It’s no secret that Senate Democratic leader Chuck Schumer really wants Stacey Abrams to run against Republican incumbent David Perdue in Georgia’s 2020 Senate race. He has already met with her three times this year to urge her in that direction. It’s a critical challenge finding a Democrat for that race; the Cook Political Report currently rates 13 of the 22 Republican seats up next year as all but invulnerable, and at least one Democratic incumbent, Doug Jones of Alabama, is not generally considered a good bet for reelection (and if West Virginia’s Joe Manchin decides to run for governor in 2020, that could be two Democratic seats in deep peril).
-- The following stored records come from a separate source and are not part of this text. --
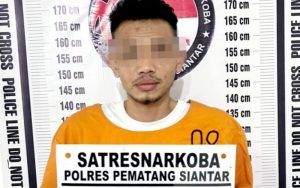 Bawa Sabu, Polres Pematangsiantar Residivis di Depan Penginapan Binnaling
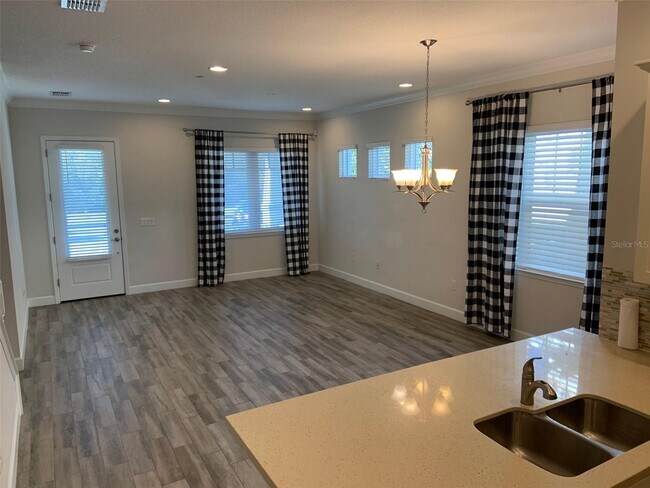 Photo - 9073 Laureate Blvd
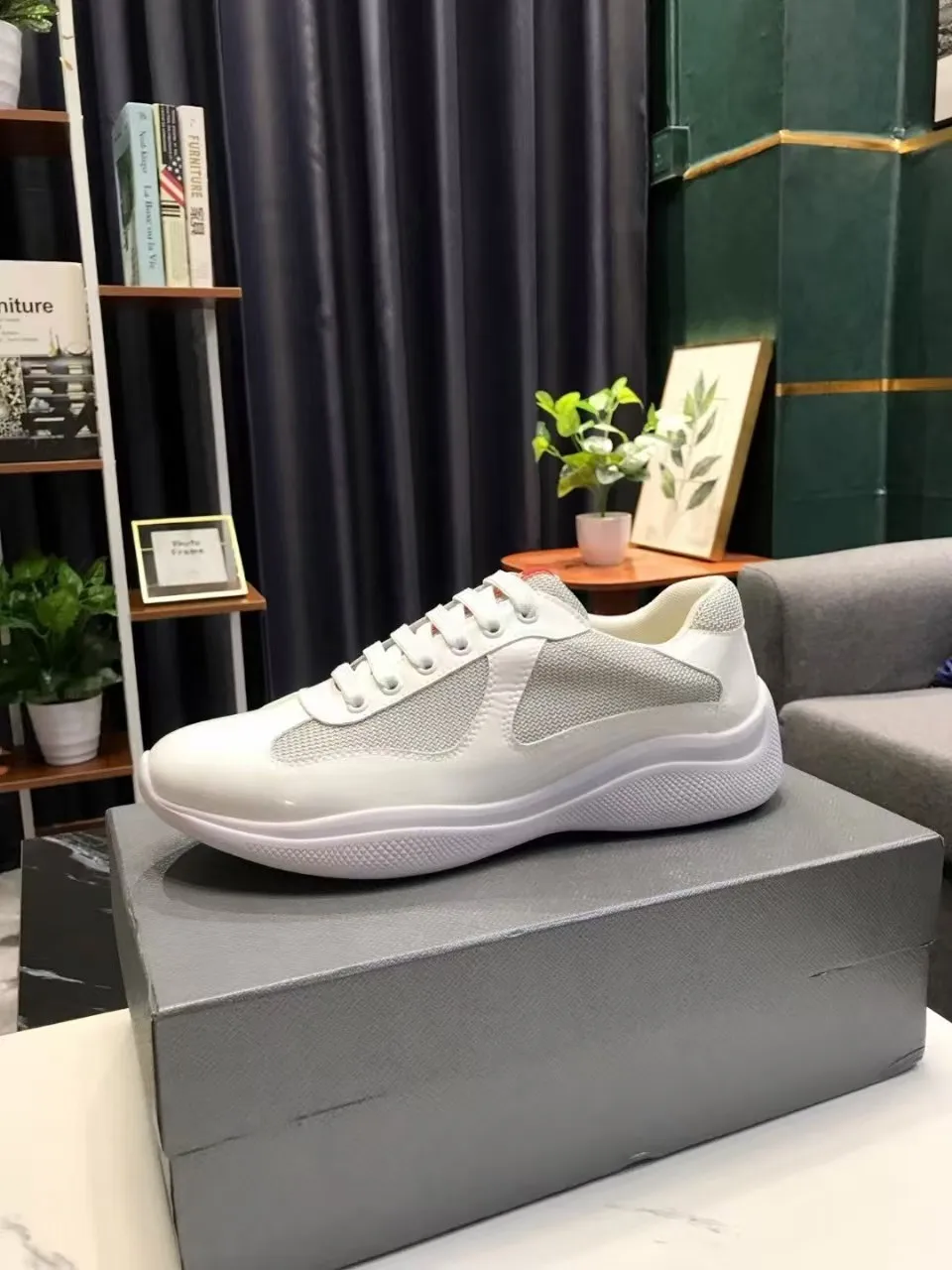 

Designer Style High-End Breathable Casual Sports Shoes with Cow Leather Patent Leather Sole Versatile Space-Up Design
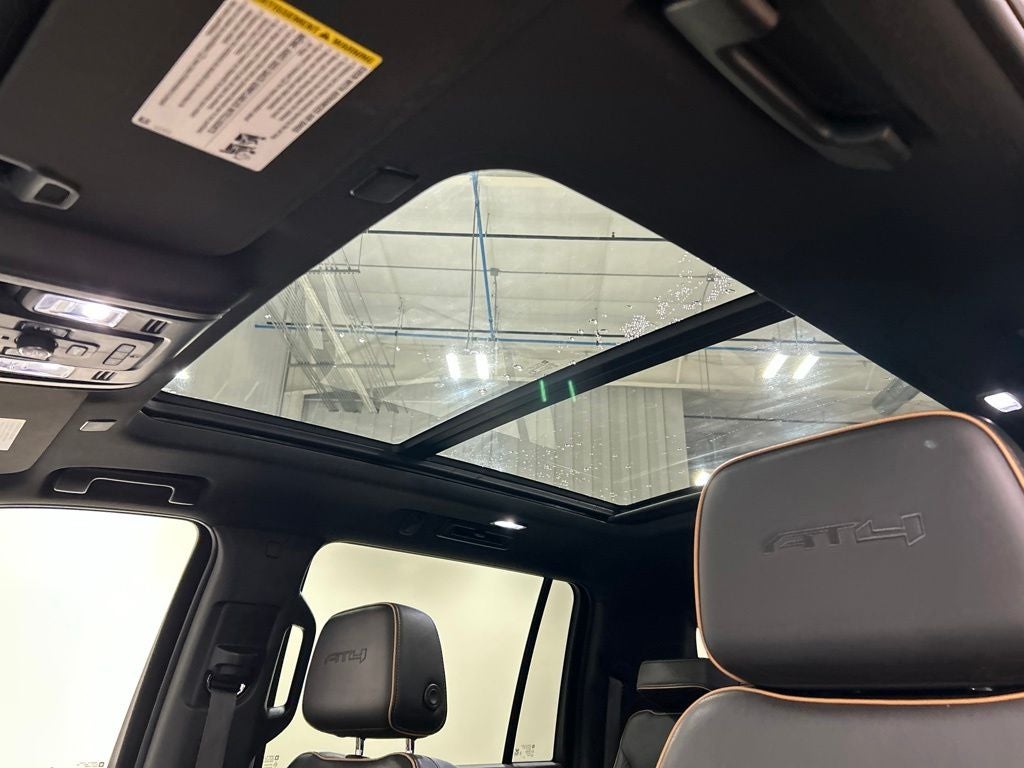 2023 GMC Yukon XL AT4
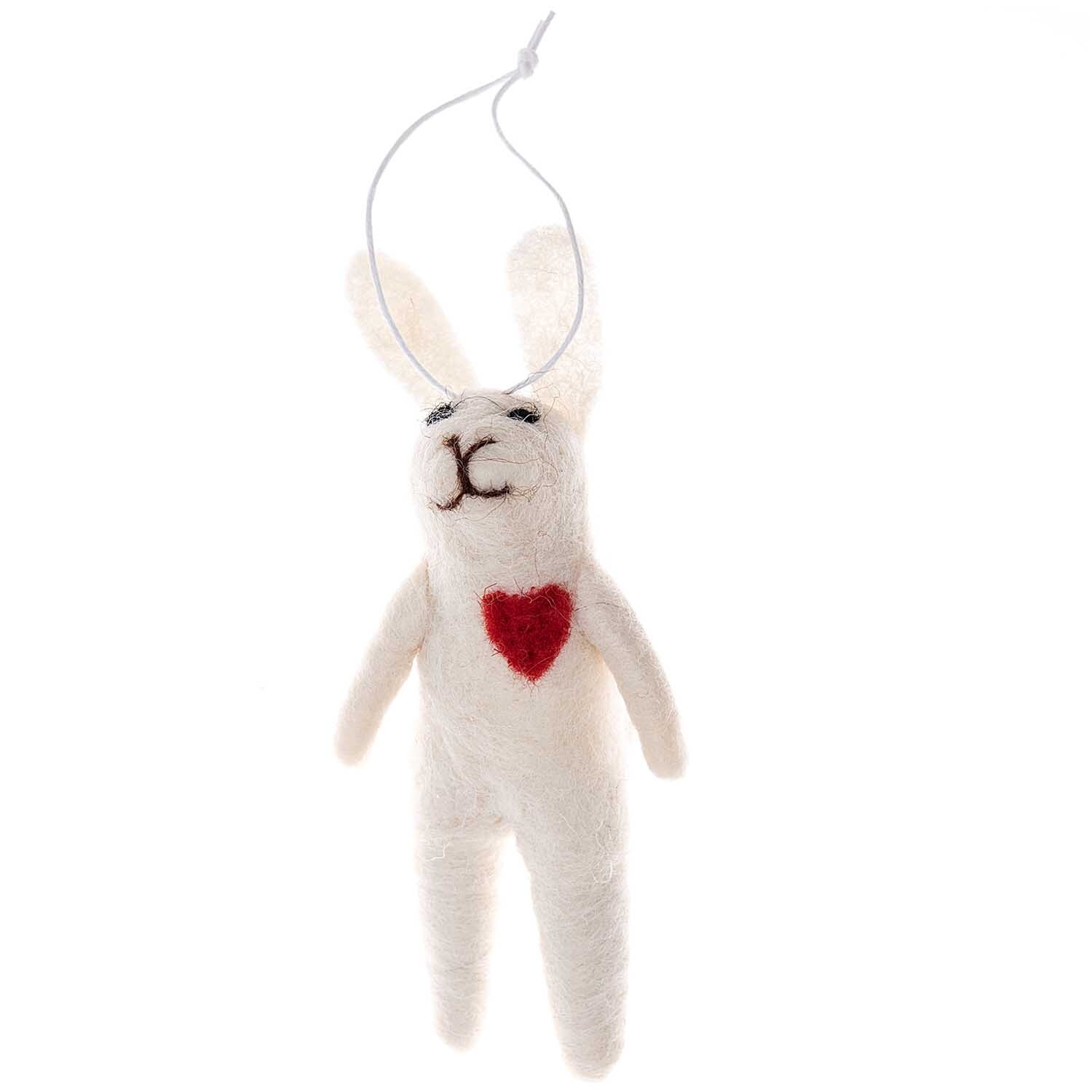 Hänger Filz-Hase mit Herz 12cm: Weißer Filzhase mit rotem Herz, ideal als Dekoration von idee. Creativmarkt.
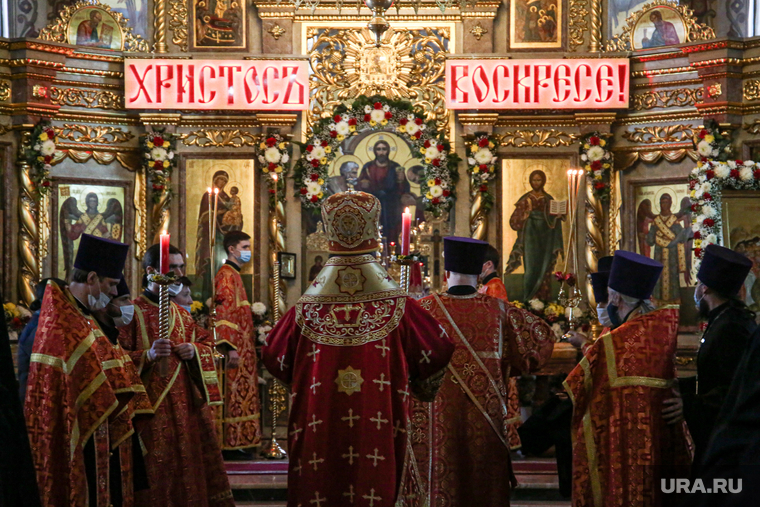 Благодатный огонь доставлен в Свято-Троицкий кафедральный собор Перми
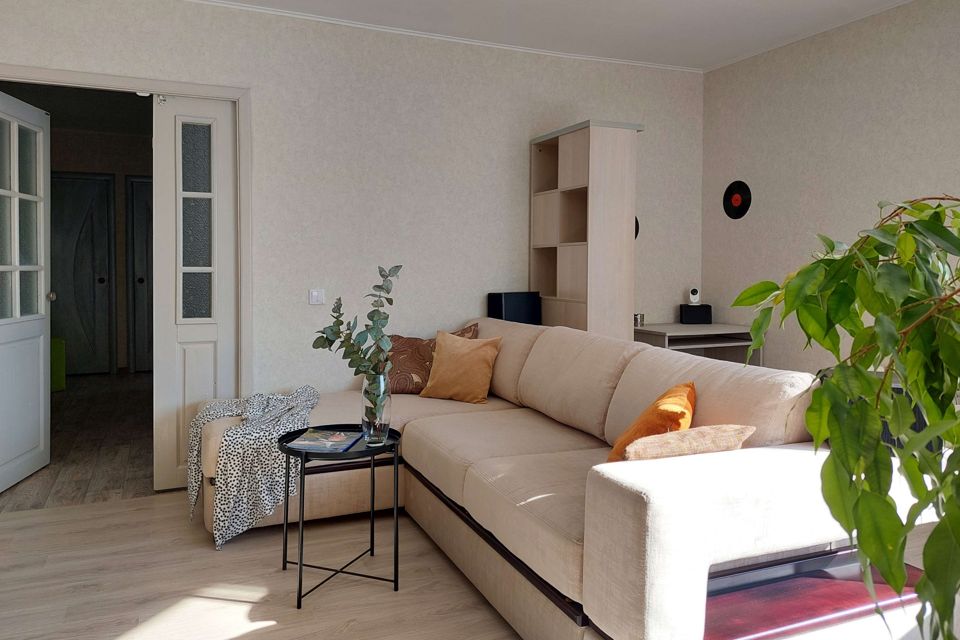 Продаётся 2-комнатная квартира, 65.4 м²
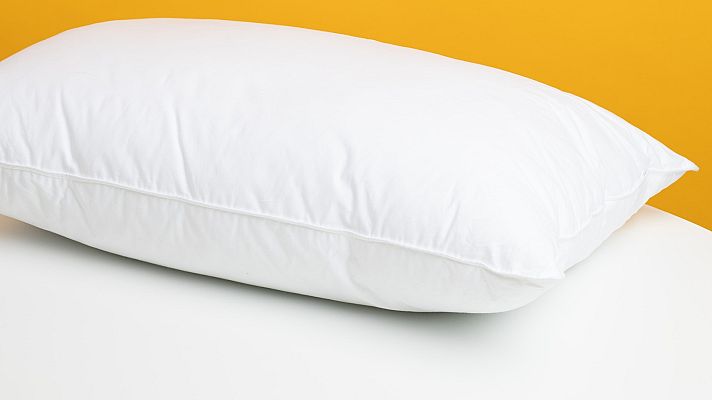 Hablando claro - Gafas de sol, almohadas o toallas:objetos cotidianos que caducan y no lo sabías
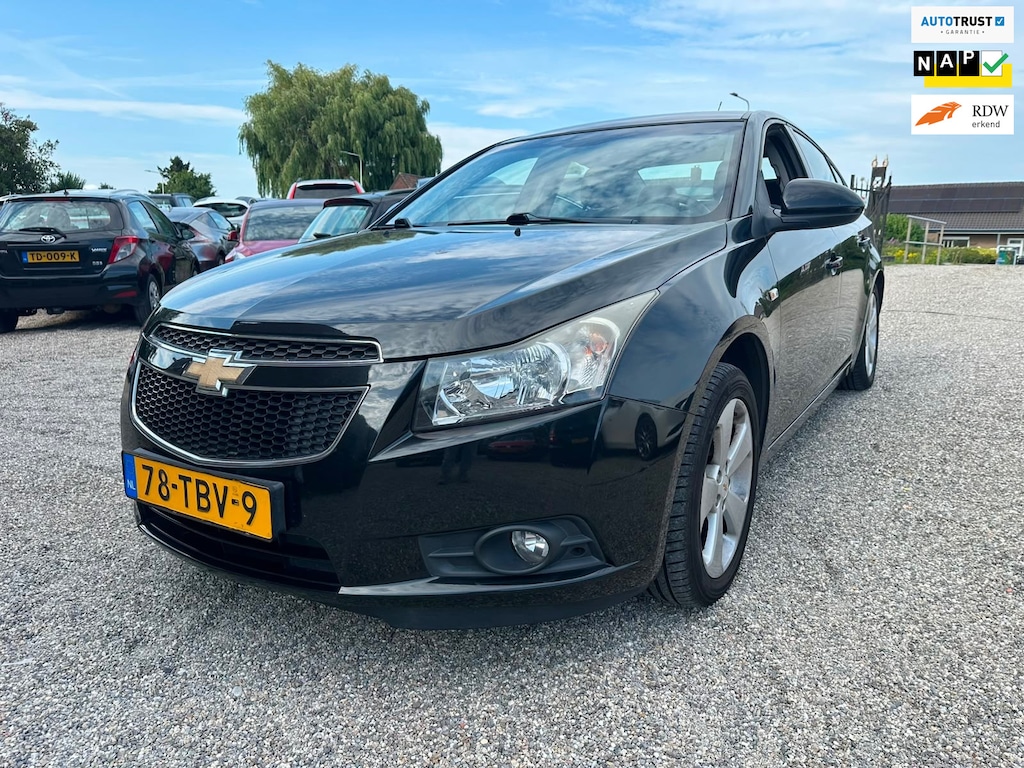 Chevrolet Cruze / Opel Insignia 1.8 LT Automaat Nieuwe Apk Zeer Nette Staat Clima Cruise PDC LMV Trekhaak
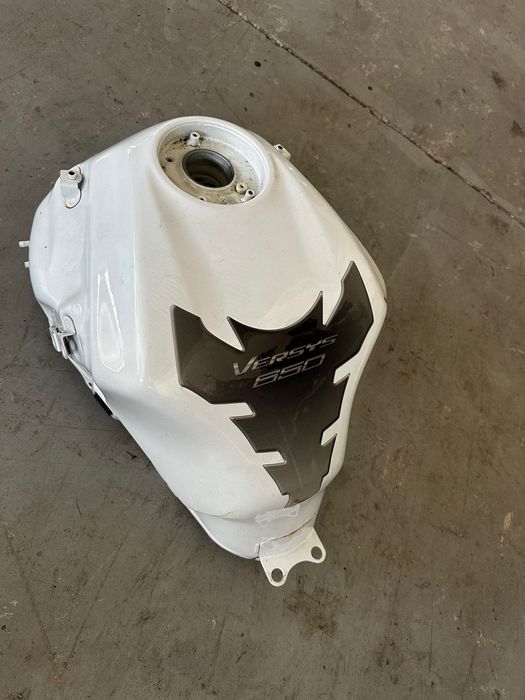 Zbiornik paliwa, bak do Kawasaki Versys 650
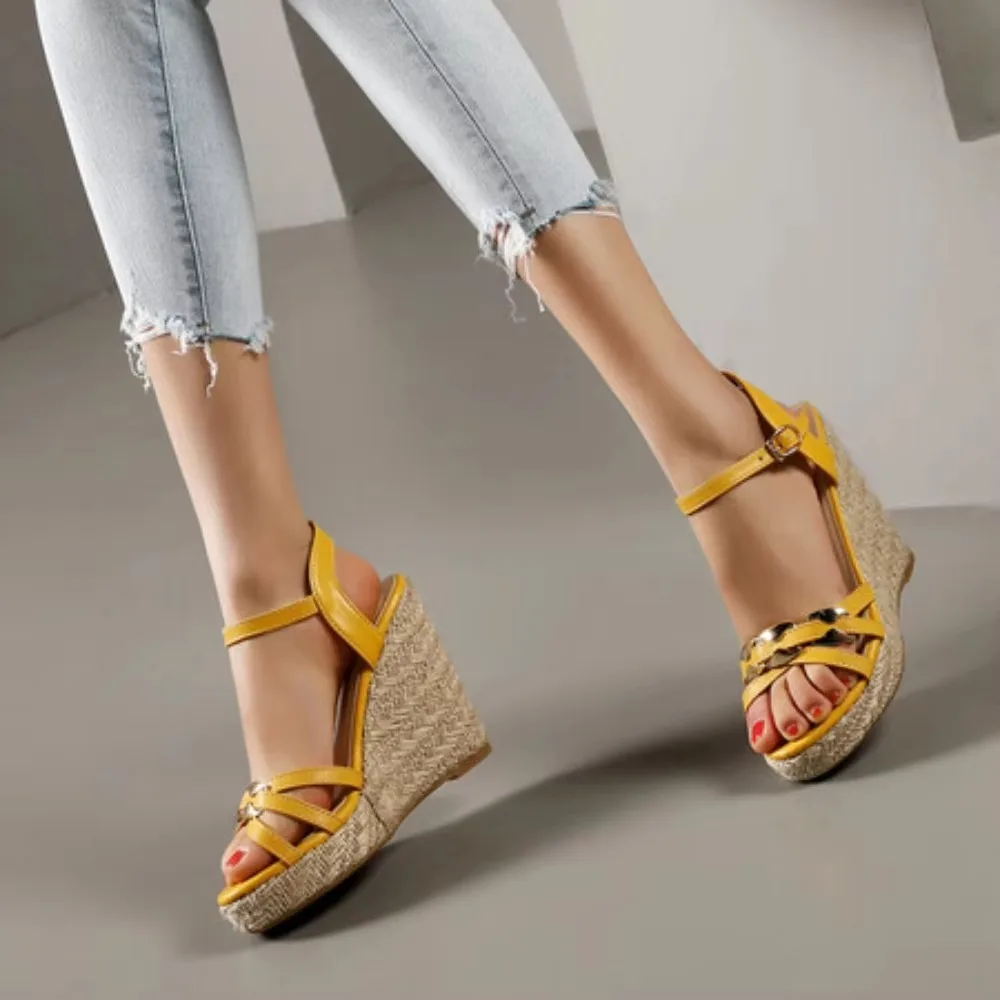 2026 New Summer Thick Sole Slope Heel High Heel Cake Sandals Women's Shoes Grass Knitted Sandals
With Democrats already down three seats in the Senate, there’s a high risk that even if they eject Donald Trump from office, a new president would find Mitch McConnell sitting athwart her or his agenda like an evil toad.
Without question, Abrams makes sense as a 2020 Senate candidate. In 2018 she did better than any Georgia Democratic gubernatorial or Senate candidate since 1998. In a presidential year where youth and minority turnout should be elevated, a candidate who has devoted much of her career to expanding the electorate is a natural.
But a Senate bid would sidetrack Abrams from her longtime goal of becoming governor of her state. And her national fame (burnished by her solid performance in the crucible of a State of the Union address response) has led to the more alluring possibility of a 2020 presidential candidacy and/or the second spot on a national ticket headed up by one of the many candidates already in the field. Anyone in her position would be tempted by the national spotlight after backers of Joe Biden all but begged her to join him in an early preemptive “dream ticket”; her decision to repudiate that idea just made her look even more influential, and even powerful.
So now Abrams, who recently released a new book that she’s been promoting nationally, is taking her time making a 2020 decision, Politico reports:
She initially intended to decide on a Senate run by the end of March, but that timeline has slipped as she has toured the country, which has allowed her to develop a national political network. She said she would decide “as soon as possible” — but called it a self-imposed deadline and declined to give a specific date for announcing whether she would challenge first-term GOP Sen. David Perdue.
She’s also suggested that if she gives the Senate race a pass, she might be able to wait until the fall to decide for or against a presidential run.
Democrats have to have a backup plan for the Georgia Senate race if Abrams does demur. Fortunately for them they have a clear prospect in former Columbus mayor Teresa Tomlinson, who’s preparing for a campaign while making it clear she’ll get out in a heartbeat if Abrams decides to run against Perdue, as the Atlanta Journal-Constitution reports:
Former Columbus Mayor Teresa Tomlinson announced this morning that she has filed the paperwork to explore a 2020 challenge to U.S. Sen. David Perdue.
Tomlinson said she’s been “standing down” as she waits for Abrams to decide “because, obviously, I support Stacey.” But she also said that no one on her team has been paid for weeks, and that she doesn’t want to violate Federal Election Commission regulations.
“Stacey deserves more time to consider this, particularly with her book tour being extended, and I needed to file for the exploratory committee.”
Tomlinson will not excite national progressives the way Abrams has, to be sure. But she’s interesting. She served two terms as the white mayor of a majority-minority consolidated city-county jurisdiction whose population is about twice as large as Pete Buttigieg’s South Bend. She gained some national attention after leading a successful fundraising drive to save her alma mater, Sweet Briar College (a women’s college in central Virginia), from closure. Tomlinson self-identifies as a “pragmatic progressive” in the mold of former Sixth District Congressional candidate Jon Ossoff, which will leave some more rigorous progressives cold; but she’s hardly pursuing the old center-right Blue Dog formula, either. Most of all, her patience about Abrams’s candidacy will earn her many friends in Georgia Democratic circles.
Georgia Democrats have run women for the Senate in 2014 (Michelle Nunn) and governor in 2018, and have palpably moved to the left during the last decade without losing, and in some respects gaining, support. Demographic trends are making the state more open to progressives every day. Abrams is the ideal candidate to put Democrats over the top in a Senate race in 2020, particularly if an anti-Trump national tide combined with her own mastery of turnout tactics changes the dynamics. If for whatever reason she turns down that opportunity, Tomlinson will be ready to apply her own distinctive gifts to what will likely be a close race against Perdue, whose 46 percent approval rating and close relationship to Donald Trump do not inspire fear.